◆ **What you should do**: Restate all the lines below word for word, but omit the pictures.

◆ **Information shown**:
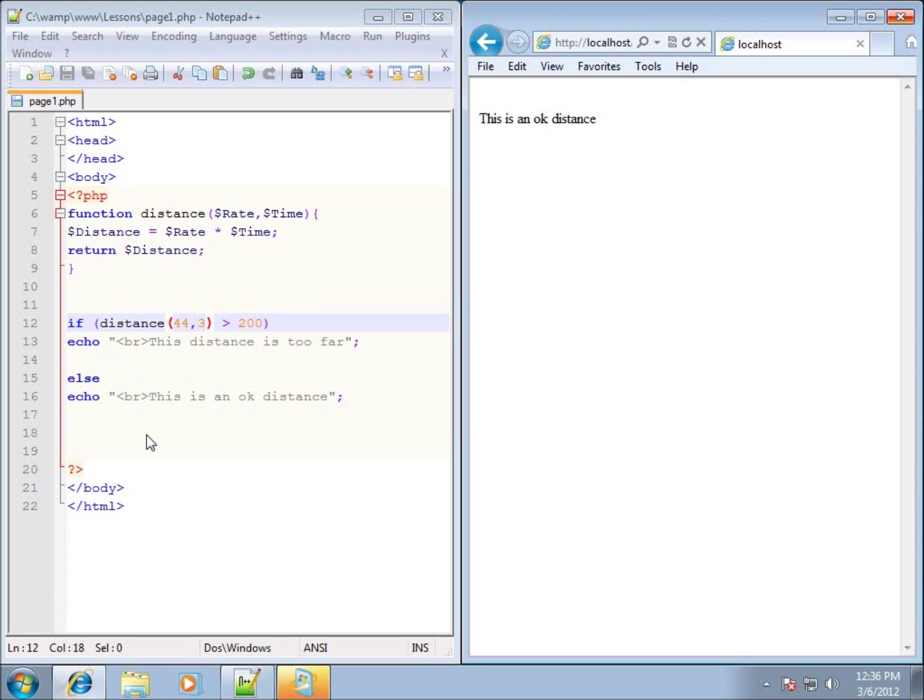In the next video we're going to work with more statements — specifically the if and else-if statements within PHP.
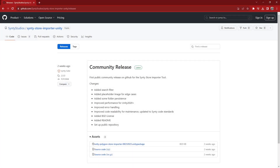I'm Chris from Cinti Studios and today I'll be showing you the updated Cinti Store importer tool for Unity, now available on GitHub. Here you'll find the releases page where we can download the latest Unity package, and a link to this is in the description of the video.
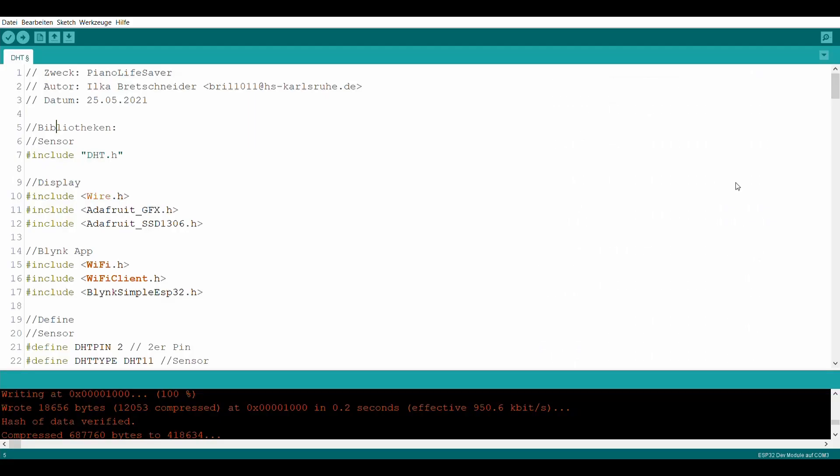Das Programm für die ESP32 wurde in der Arduino IDE programmiert. Im ersten Schritt werden die entsprechenden Bibliotheken für den Sensor, das Display und die Blynk-App eingefügt.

◆ **Expected answer**:
In the next video we're going to work with more statements — specifically the if and else-if statements within PHP.
I'm Chris from Cinti Studios and today I'll be showing you the updated Cinti Store importer tool for Unity, now available on GitHub. Here you'll find the releases page where we can download the latest Unity package, and a link to this is in the description of the video.
Das Programm für die ESP32 wurde in der Arduino IDE programmiert. Im ersten Schritt werden die entsprechenden Bibliotheken für den Sensor, das Display und die Blynk-App eingefügt.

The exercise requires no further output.